The Gotham's penthouse, reserved exclusively for gambling, saw policemen, politicians, and other wealthy individuals come and go on a daily basis. Even after the Gotham officially closed for business in 1962, White's numbers operation continued. This served as an opportunity to conduct a Federal raid, which was carried out that November. Officials discovered, among many other things, that the Gotham raked in over $21 million annually (equivalent to $166 million today). Unfortunately for Federal officials, despite arresting and later convicting 41 people including John White, the only link uncovered between Giacalone and the Gotham was that of his phone number. This served little purpose to authorities other than to confirm what they already knew; the mafia assisted numbers operators in Detroit.
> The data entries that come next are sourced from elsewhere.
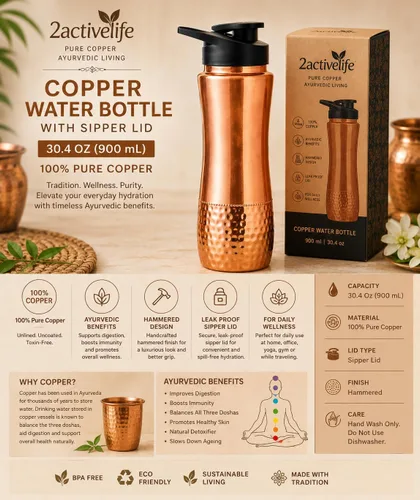 Vista 5 de Botella de agua de cobre con tapa para sorber, 30.4 onzas (30.4 fl oz / 900 ml), botella de cobre sólido 100% puro para agua potable, botella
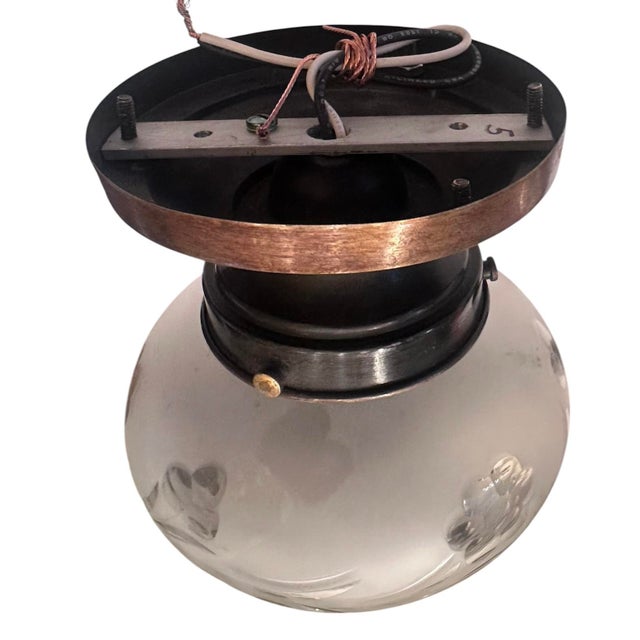 Starburst Leaves and Berries Wheel Cut Frosted Glass Flushmount on Old Painted Brass Holder, Circa 1920 For Sale - Image 4 of 4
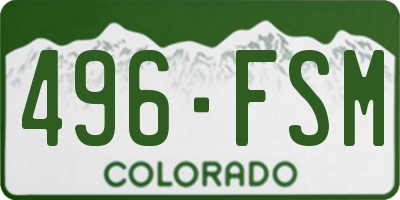 CO license plate 496FSM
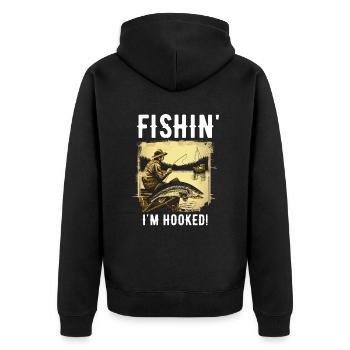Fishin Ich bin süchtig - Unisex Premium Bio Zip Hoodie - Schwarz - Hinten - Nico (187cm)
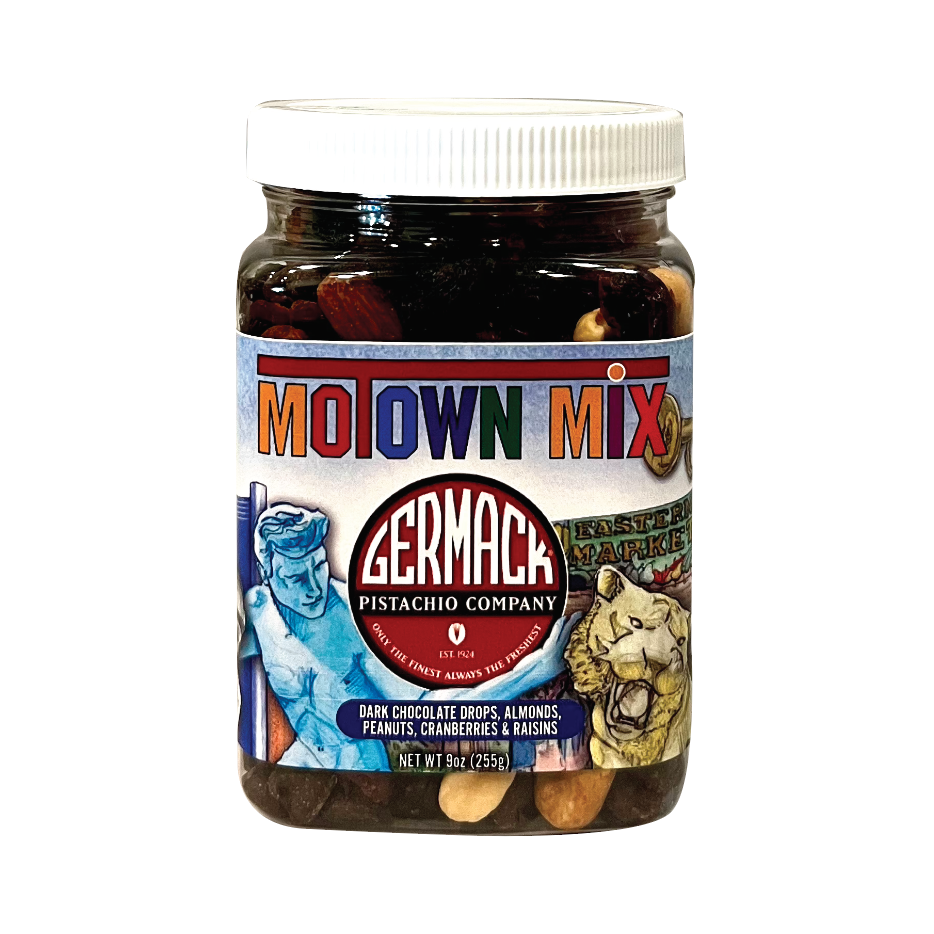 Picture Motown Mix Mini (Dark Chocolate Chips, Raisins, Cranberries, Almonds, Peanuts) 9oz Jar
=== Hoffa disappearance ===
Giacalone gained national fame when his name blew up in newspapers nationwide in the summer of 1975, regarding the disappearance of labor union leader Jimmy Hoffa. Giacalone was allegedly supposed to meet with Hoffa on the day of his disappearance, but Giacalone denied this. Giacalone was quizzed by authorities for any connections to Hoffa's disappearance.
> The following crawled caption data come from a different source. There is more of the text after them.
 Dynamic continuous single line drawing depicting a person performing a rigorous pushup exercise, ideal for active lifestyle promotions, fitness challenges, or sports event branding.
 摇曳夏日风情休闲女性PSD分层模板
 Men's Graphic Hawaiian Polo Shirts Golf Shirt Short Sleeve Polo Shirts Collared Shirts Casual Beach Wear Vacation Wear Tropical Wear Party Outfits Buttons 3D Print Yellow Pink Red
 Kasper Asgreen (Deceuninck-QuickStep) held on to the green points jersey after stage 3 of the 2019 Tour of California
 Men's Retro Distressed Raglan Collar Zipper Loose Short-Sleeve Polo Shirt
Prior to then, there had been growing tension between Hoffa and several Mafia members, who opposed his plans to return to prominence in the International Brotherhood of Teamsters. The latter included Giacalone, Anthony Provenzano and Giacalone's brother Vito. Despite the mounting strain between the two groups, it appears as though there were never any public displays of ill will or malicious intent; though he, along with his brother Vito, was allegedly involved in a plot gone awry to rob a safe belonging to Hoffa in Washington D.C. On July 30, 1975, Hoffa, who had mentioned his plans to acquaintances and family members to meet with Giacalone and Provenzano at 2:00 p.m. at the Machus Red Fox restaurant parking lot in Bloomfield Township, a Detroit suburb; was never seen again. It has been posited that Giacalone may have been motivated by the fact that Hoffa would not acquiesce to Mafia demands and retire. Though Giacalone was suspected of being involved in a conspiracy to murder Hoffa, Giacalone and Provenzano, who denied having scheduled any such meeting or appointment with Hoffa, were found not to have been near the restaurant that afternoon.

=== Tax evasion conviction ===
Giacalone was indicted April 9, 1975, on four counts of tax evasion for the years 1968 through 1971. In May 1976, he was convicted on three counts of attempting to avoid paying over $103,000 in federal income taxes. In June 1976, Giacalone was sentenced to ten years in prison at FCI, Oxford, Wisconsin in addition to a $30,000 fine for tax evasion. He posted bond despite the Assistant United States attorney labeling him as a “danger to the community”.

== Death ==
Giacalone died on February 23, 2001, aged 82. He had been admitted to St. John's Hospital and Medical Center in Detroit for heart failure and complications arising from kidney disease. He was buried at Holy Sepulchre Cemetery in Southfield, Michigan.

== In popular culture ==
He was played by Patrick Gallo in Martin Scorsese's 2019 film The Irishman. In the film, Anthony Giacalone's role is more understated, as a character he does not have a significant or essential role.